Type out the data again. Keep every line exactly the same.

#### Records for the exercise:
_ _ _ _

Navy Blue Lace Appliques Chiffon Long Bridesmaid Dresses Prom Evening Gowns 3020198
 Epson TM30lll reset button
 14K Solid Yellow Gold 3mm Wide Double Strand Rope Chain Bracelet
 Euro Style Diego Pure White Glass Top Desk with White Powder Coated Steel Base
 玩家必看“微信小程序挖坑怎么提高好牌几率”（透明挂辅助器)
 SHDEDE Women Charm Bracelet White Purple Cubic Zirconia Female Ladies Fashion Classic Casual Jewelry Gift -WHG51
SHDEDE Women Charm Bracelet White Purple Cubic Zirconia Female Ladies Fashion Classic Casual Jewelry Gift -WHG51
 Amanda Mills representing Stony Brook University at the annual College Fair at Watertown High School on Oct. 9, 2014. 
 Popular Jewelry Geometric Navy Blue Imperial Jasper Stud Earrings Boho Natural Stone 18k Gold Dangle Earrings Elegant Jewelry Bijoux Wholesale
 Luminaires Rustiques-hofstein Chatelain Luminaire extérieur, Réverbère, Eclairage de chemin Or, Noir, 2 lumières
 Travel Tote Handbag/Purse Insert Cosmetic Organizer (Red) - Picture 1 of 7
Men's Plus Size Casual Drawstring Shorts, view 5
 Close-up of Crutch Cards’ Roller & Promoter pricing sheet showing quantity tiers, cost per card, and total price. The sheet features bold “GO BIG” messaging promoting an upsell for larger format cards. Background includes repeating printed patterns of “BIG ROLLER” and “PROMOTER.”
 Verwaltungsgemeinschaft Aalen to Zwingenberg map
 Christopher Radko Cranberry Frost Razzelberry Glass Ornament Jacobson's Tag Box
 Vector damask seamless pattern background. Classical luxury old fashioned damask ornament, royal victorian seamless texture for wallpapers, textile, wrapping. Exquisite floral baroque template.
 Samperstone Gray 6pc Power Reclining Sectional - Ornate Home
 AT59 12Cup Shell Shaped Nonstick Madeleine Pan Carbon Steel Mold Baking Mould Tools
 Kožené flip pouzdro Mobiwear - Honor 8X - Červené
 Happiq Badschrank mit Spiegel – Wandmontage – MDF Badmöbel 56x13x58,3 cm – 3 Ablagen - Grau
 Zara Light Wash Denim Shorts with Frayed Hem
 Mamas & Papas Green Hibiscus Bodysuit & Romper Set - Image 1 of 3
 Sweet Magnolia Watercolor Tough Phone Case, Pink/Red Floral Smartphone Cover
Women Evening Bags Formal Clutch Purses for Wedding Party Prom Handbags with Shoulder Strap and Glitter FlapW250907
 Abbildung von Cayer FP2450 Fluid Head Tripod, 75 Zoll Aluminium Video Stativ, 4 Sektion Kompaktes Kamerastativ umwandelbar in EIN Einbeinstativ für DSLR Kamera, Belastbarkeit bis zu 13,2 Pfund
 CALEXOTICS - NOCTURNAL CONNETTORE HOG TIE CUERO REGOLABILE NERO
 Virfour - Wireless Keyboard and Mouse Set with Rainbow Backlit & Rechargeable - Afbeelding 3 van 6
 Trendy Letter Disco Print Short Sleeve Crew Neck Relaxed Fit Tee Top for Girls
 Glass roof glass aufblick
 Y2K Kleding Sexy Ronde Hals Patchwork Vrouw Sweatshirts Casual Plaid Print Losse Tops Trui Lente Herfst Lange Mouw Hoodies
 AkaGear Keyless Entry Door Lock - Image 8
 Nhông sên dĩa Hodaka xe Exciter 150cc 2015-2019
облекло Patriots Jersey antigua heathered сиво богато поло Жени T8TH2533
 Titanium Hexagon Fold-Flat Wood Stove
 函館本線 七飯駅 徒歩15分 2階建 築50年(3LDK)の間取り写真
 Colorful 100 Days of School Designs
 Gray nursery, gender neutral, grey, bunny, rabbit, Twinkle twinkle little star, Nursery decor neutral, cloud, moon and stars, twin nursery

_ _ _ _

#### Task response:
Navy Blue Lace Appliques Chiffon Long Bridesmaid Dresses Prom Evening Gowns 3020198
 Epson TM30lll reset button
 14K Solid Yellow Gold 3mm Wide Double Strand Rope Chain Bracelet
 Euro Style Diego Pure White Glass Top Desk with White Powder Coated Steel Base
 玩家必看“微信小程序挖坑怎么提高好牌几率”（透明挂辅助器)
 SHDEDE Women Charm Bracelet White Purple Cubic Zirconia Female Ladies Fashion Classic Casual Jewelry Gift -WHG51
SHDEDE Women Charm Bracelet White Purple Cubic Zirconia Female Ladies Fashion Classic Casual Jewelry Gift -WHG51
 Amanda Mills representing Stony Brook University at the annual College Fair at Watertown High School on Oct. 9, 2014. 
 Popular Jewelry Geometric Navy Blue Imperial Jasper Stud Earrings Boho Natural Stone 18k Gold Dangle Earrings Elegant Jewelry Bijoux Wholesale
 Luminaires Rustiques-hofstein Chatelain Luminaire extérieur, Réverbère, Eclairage de chemin Or, Noir, 2 lumières
 Travel Tote Handbag/Purse Insert Cosmetic Organizer (Red) - Picture 1 of 7
Men's Plus Size Casual Drawstring Shorts, view 5
 Close-up of Crutch Cards’ Roller & Promoter pricing sheet showing quantity tiers, cost per card, and total price. The sheet features bold “GO BIG” messaging promoting an upsell for larger format cards. Background includes repeating printed patterns of “BIG ROLLER” and “PROMOTER.”
 Verwaltungsgemeinschaft Aalen to Zwingenberg map
 Christopher Radko Cranberry Frost Razzelberry Glass Ornament Jacobson's Tag Box
 Vector damask seamless pattern background. Classical luxury old fashioned damask ornament, royal victorian seamless texture for wallpapers, textile, wrapping. Exquisite floral baroque template.
 Samperstone Gray 6pc Power Reclining Sectional - Ornate Home
 AT59 12Cup Shell Shaped Nonstick Madeleine Pan Carbon Steel Mold Baking Mould Tools
 Kožené flip pouzdro Mobiwear - Honor 8X - Červené
 Happiq Badschrank mit Spiegel – Wandmontage – MDF Badmöbel 56x13x58,3 cm – 3 Ablagen - Grau
 Zara Light Wash Denim Shorts with Frayed Hem
 Mamas & Papas Green Hibiscus Bodysuit & Romper Set - Image 1 of 3
 Sweet Magnolia Watercolor Tough Phone Case, Pink/Red Floral Smartphone Cover
Women Evening Bags Formal Clutch Purses for Wedding Party Prom Handbags with Shoulder Strap and Glitter FlapW250907
 Abbildung von Cayer FP2450 Fluid Head Tripod, 75 Zoll Aluminium Video Stativ, 4 Sektion Kompaktes Kamerastativ umwandelbar in EIN Einbeinstativ für DSLR Kamera, Belastbarkeit bis zu 13,2 Pfund
 CALEXOTICS - NOCTURNAL CONNETTORE HOG TIE CUERO REGOLABILE NERO
 Virfour - Wireless Keyboard and Mouse Set with Rainbow Backlit & Rechargeable - Afbeelding 3 van 6
 Trendy Letter Disco Print Short Sleeve Crew Neck Relaxed Fit Tee Top for Girls
 Glass roof glass aufblick
 Y2K Kleding Sexy Ronde Hals Patchwork Vrouw Sweatshirts Casual Plaid Print Losse Tops Trui Lente Herfst Lange Mouw Hoodies
 AkaGear Keyless Entry Door Lock - Image 8
 Nhông sên dĩa Hodaka xe Exciter 150cc 2015-2019
облекло Patriots Jersey antigua heathered сиво богато поло Жени T8TH2533
 Titanium Hexagon Fold-Flat Wood Stove
 函館本線 七飯駅 徒歩15分 2階建 築50年(3LDK)の間取り写真
 Colorful 100 Days of School Designs
 Gray nursery, gender neutral, grey, bunny, rabbit, Twinkle twinkle little star, Nursery decor neutral, cloud, moon and stars, twin nursery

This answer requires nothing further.